Washington, Dec 24 (IANS): US Chairman of the Joint Chiefs of Staff Martin Dempsey has emphasized "zero tolerance" for bullying in the armed forces, after eight US soldiers were charged with hazing that led to the death of a fellow Chinese-American soldier in Afghanistan.
Writing in a posting on his Facebook site and Twitter account, Dempsey stressed that bullying and hazing "undermine everything the military stands for", the American Forces Press Service reported Friday.
He added that every member of the armed forces has a personal responsibility to uphold its "zero tolerance" standard and should intervene to stop any such occurrences, reported Xinhua.
Hazing is a new or potential recruit to the military being told to perform strenuous, humiliating, or dangerous tasks.
"We are currently investigating several allegations of hazing within our ranks," Dempsey said in the posting.
Dempsey posted the message after the US Army charged Wednesday eight soldiers for being allegedly involved in the death of Army Private Danny Chen, a Chinese-American from the Chinatown in New York.
Chen, deployed to southern Afghanistan in August with the 25th Infantry Division, was found dead Oct 3 in a guard tower from "an apparent self-inflicted gunshot wound", army investigators said.
"These appear to be isolated instances of misconduct, but I want to be very clear: hazing is simply intolerable," Dempsey said in his message. "It undermines our values, tarnishes our profession and erodes the trust that bonds us."
"Every service member should be aware that participating in hazing or even observing it without reporting it are both wrong. We are duty-bound to protect one another from hazing in any form," Dempsey added.

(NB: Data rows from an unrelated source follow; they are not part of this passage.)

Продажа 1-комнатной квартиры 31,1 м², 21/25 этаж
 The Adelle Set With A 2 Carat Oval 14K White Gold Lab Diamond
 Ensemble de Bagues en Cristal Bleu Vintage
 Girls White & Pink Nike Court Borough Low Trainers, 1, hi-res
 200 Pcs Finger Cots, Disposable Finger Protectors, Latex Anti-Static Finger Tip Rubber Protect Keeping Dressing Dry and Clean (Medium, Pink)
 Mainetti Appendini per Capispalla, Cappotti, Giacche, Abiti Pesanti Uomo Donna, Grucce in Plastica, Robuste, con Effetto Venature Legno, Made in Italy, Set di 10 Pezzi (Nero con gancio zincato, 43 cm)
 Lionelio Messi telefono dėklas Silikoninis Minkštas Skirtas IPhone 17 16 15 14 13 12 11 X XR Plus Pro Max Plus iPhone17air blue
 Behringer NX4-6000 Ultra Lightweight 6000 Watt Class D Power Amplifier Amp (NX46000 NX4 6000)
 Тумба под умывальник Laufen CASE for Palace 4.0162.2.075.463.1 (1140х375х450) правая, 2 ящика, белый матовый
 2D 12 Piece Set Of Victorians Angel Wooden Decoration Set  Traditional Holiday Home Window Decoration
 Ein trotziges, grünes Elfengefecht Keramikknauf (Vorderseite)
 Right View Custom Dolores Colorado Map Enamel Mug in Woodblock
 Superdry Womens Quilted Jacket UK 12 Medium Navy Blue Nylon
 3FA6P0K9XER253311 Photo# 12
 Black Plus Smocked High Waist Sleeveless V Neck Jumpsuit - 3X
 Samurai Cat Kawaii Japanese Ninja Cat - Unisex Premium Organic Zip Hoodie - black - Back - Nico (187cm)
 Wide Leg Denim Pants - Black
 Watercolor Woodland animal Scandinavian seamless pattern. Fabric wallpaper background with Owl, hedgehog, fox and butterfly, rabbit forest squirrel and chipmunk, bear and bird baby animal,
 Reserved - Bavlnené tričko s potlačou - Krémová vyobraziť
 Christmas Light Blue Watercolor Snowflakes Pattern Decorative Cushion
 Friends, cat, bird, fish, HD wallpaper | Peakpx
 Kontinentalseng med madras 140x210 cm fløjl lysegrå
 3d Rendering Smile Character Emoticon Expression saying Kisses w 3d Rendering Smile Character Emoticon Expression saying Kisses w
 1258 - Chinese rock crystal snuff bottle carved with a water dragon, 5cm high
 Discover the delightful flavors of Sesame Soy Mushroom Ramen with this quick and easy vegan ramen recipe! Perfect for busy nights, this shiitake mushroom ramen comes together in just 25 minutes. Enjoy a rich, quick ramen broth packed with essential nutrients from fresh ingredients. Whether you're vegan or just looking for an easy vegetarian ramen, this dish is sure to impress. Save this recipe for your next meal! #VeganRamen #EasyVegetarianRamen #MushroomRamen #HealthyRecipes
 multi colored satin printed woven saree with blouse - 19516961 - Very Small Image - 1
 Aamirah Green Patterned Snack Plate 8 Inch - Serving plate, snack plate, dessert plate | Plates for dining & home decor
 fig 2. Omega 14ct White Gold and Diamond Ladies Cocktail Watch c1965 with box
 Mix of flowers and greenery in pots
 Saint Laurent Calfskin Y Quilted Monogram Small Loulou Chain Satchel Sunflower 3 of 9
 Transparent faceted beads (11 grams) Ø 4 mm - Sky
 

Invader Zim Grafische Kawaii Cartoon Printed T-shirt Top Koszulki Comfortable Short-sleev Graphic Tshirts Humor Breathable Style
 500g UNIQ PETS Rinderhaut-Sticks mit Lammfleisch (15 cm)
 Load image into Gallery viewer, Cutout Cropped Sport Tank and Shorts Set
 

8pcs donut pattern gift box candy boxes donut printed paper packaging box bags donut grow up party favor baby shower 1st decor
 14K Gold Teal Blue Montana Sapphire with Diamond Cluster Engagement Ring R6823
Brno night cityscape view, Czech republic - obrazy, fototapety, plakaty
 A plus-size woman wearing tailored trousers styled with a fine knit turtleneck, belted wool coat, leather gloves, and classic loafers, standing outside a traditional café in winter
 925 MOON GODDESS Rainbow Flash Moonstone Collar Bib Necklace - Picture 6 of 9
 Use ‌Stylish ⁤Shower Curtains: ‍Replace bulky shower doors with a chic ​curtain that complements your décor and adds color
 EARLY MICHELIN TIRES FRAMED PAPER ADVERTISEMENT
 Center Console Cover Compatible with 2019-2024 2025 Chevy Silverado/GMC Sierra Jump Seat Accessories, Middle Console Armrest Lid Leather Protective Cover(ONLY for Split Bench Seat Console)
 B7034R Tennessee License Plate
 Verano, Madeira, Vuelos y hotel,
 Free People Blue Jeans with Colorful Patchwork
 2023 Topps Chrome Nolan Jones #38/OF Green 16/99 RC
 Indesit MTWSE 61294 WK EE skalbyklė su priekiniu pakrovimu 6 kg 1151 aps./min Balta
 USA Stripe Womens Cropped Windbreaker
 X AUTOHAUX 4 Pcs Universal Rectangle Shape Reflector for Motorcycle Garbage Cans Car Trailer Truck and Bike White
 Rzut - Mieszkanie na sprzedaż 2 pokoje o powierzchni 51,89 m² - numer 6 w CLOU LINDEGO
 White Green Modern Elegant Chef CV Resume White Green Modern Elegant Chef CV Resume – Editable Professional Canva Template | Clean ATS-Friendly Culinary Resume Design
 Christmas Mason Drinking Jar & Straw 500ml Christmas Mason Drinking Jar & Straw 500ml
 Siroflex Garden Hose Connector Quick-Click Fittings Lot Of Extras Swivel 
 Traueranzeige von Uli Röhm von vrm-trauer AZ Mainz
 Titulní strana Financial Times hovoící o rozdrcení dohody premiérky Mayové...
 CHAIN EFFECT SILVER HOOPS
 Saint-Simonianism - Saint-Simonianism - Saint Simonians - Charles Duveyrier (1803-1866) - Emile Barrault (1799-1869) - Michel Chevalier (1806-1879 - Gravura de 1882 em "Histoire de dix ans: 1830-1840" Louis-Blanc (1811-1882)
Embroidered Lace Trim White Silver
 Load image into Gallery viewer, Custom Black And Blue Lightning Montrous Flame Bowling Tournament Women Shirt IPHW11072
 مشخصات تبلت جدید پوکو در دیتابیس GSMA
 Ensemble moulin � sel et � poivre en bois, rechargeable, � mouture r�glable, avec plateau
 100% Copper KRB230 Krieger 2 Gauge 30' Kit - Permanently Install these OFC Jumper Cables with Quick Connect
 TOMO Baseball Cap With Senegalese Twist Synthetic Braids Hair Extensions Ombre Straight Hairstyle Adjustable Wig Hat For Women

The death of Chen shocked New York's Asian-American communities, which strongly urged the US military to launch a thorough investigation into the incident.
US military officials revealed to Chen's family that he had been subjected to physical abuse and ethnic slurs by his superiors, who dragged him one night out of bed and across the floor when he failed to turn off a water heater after showering.
This is the second such incident in the past year after the suicide of another Chinese-American soldier Harry Lew, a Marine from California, who killed himself in April in Afghanistan. Investigators found that Lew was subjected to a brutal hazing by his fellow Marines, three of whom were ordered court-martialed in October.